L’attribution d’un important contrat d’infrastructures – le corridor de Lobito – à un consortium européen et non chinois est la preuve d’une certaine perte d’influence de Pékin en Angola. Tribune.
La décision finale était attendue en mai. C’est finalement avec un peu de retard, vraisemblablement après des pressions diplomatiques, que la concession du Chemin de fer de Benguela (CFB), qui relie en Angola le port de Lobito à Luau, ville frontière avec la RDC, a été attribuée. Et, surprise, c’est à un consortium de sociétés privées européennes qu’elle a été octroyée, au détriment d’un cartel d’entreprises chinoises. Un choix symbolique d’une perte d’influence de la Chine dans ce pays d’Afrique australe.
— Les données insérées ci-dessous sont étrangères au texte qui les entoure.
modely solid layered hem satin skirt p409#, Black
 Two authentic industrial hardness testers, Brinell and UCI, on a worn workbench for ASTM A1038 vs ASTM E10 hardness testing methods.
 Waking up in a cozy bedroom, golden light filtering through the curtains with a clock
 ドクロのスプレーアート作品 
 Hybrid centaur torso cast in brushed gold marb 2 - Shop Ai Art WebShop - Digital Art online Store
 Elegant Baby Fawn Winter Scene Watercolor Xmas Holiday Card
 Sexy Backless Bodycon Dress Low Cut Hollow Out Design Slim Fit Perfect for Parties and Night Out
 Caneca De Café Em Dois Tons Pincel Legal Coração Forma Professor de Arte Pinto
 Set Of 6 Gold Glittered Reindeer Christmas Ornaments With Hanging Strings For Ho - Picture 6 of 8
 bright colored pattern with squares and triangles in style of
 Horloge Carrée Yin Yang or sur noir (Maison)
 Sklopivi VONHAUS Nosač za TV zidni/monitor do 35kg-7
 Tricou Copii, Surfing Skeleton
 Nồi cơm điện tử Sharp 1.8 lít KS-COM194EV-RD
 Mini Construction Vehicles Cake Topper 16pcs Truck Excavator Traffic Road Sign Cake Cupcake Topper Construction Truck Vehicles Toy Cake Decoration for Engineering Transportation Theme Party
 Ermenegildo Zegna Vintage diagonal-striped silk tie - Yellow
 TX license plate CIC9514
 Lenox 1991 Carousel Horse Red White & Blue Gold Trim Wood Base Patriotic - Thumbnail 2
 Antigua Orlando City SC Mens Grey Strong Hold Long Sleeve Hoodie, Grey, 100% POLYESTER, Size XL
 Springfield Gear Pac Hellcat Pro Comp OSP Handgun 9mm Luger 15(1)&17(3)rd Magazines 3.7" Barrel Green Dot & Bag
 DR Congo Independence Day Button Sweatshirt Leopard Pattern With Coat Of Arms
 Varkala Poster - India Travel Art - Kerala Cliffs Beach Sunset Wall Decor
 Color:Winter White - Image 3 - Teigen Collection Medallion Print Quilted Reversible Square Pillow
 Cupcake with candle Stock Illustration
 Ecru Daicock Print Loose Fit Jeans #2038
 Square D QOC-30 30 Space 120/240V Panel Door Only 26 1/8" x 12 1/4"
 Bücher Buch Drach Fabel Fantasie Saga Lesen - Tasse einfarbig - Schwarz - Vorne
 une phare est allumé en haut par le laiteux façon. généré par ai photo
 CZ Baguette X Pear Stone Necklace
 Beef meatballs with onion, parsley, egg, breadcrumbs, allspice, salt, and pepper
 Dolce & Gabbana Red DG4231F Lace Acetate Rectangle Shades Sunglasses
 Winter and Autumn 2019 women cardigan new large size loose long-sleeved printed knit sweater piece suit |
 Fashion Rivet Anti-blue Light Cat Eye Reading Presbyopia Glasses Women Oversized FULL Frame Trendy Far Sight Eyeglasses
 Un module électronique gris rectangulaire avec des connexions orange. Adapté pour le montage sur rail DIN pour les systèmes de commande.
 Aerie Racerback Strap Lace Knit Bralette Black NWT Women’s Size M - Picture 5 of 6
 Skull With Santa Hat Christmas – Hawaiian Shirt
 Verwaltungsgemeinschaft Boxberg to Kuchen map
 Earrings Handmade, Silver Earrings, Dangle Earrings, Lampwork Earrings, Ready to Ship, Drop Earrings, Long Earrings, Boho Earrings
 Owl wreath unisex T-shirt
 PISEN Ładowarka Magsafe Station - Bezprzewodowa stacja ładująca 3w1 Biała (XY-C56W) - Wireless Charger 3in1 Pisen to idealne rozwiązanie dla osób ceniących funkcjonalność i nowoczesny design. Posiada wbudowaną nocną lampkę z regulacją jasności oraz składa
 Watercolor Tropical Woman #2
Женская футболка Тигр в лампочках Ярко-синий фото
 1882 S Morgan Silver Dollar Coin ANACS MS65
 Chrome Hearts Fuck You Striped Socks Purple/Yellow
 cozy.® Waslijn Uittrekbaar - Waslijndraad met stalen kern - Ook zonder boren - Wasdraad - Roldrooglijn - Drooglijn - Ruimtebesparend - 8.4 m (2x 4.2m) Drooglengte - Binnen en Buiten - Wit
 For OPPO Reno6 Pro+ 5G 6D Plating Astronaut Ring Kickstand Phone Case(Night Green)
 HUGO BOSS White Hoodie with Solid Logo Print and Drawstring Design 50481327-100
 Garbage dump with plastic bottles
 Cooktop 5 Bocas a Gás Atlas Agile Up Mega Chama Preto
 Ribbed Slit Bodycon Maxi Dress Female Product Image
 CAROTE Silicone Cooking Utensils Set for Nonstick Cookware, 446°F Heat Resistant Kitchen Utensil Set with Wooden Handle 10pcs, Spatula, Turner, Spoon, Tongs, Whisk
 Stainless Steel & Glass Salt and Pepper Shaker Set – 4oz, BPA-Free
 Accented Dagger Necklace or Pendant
Conformément à l’article 63 de la loi sur les marchés publics, l’appel d’offres fut lancé le 8 septembre 2021. Il portait sur la concession, pour une durée de trente ans, « de l’exploration, la gestion et l’entretien de l’infrastructure ferroviaire pour le transport de marchandises, de minerai, de liquide et de gaz » située entre les deux villes angolaises, aussi appelée corridor de Lobito.
Trafigura en tête de pont
Conséquent, ce contrat traduit une ambition économique de première importance pour l’Angola. Il vise d’abord à maximiser les potentialités représentées par l’exportation des minerais venant du Katanga congolais et de la Zambie. Il s’agit ensuite de promouvoir le développement des communautés locales (quelque 6 millions de personnes) éparpillées le long des 1 344 kilomètres du corridor, qui traverse 35 % des terres agricoles du pays.
Un intérêt stratégique évident avec le contrôle du Copperbelt
Certes, dans un premier temps, le chemin de fer ne bénéficiera pas des extensions vers la RDC et la Zambie, faute d’investissements réalisés dans ces deux pays. Mais, à très brève échéance, 25 000 à 30 000 tonnes de cuivre, cobalt, lithium et manganèse pourront être exportées chaque mois par camion puis chargées sur les trains à destination du port de Lobito, ouvert sur l’océan Atlantique. Ainsi, un voyage Kolwezi-Lobito, long d’environ 1 800 km, pourra s’effectuer en 7 jours alors qu’il en faut 16 via Dar es Salam en Tanzanie (2 587 km), 13 via Beira au Mozambique (2 945 km) et 10 par le port sud-africain de Durban (3 549 km).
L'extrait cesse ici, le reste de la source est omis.